Chemiosmotic Coupling
  • F0 Portion: portion of ATP synthase that spans the membrane
    • Proton-motive force interacts with this portion
    • Functions as an ion channel: protons travel through F0, along their gradient, and back into the matrix.
  • Chemiosmotic Coupling: a process which allows the chemical energy of a gradient to be harnessed. Describes a direct relationship between the proton gradient and ATP synthesis.

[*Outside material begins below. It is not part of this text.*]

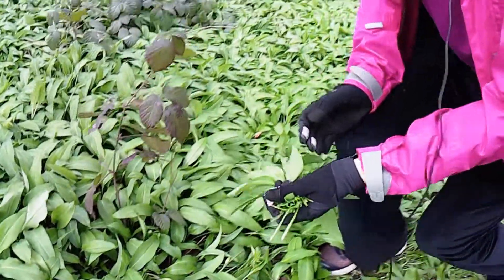There we go. And I'll show you that later on my dinner, washed and ready to eat.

    • i.e. – The ETC generates a high concentration of protons in the intermembrane space, the protons then flow into the matrix through the F0 ion channels, and this release of energy is harnessed for the phosphorylation of ADP to ATP
  • F1 Portion: utilizes the energy released from the gradient to phosphorylate ADP to ATP
  • Conformation Coupling: an alternative pathway that says that the mechanism between proton gradient and ATP synthesis is indirect
    • States that ATP is released by the synthase as a result of conformation changes that are caused by the gradient
    • F1 portion is like a turbine: spins to facilitate the harnessing of energy
    • Less scientifically accepted
  • -220 kJ/mol of energy from the exergonic proton-motive force dissipation. Energy is used to drive phosphorylation reaction

  • O2 and ADP are the key regulators of oxidative phosphorylation
  • If O2 is limited, then the rate of oxidative phosphorylation decreases and the concentration of NADH and FADH2 increases
    • Accumulation of NADH inhibits the citric acid cycle
  • Respiratory Regulation: coordinated regulation of the different pathways that are involved
  • If there is adequate oxygen available, then the rate of oxidative phosphorylation is dependent on the availability of ADP
  • ADP allosterically activates isocitrate dehydrogenase
    • This increases the rate of the citric acid cycle and the production of electron carrying compounds: NADH & FADH2
    • Enzyme’s cause an increase in the rate of electron transport and ATP synthesis.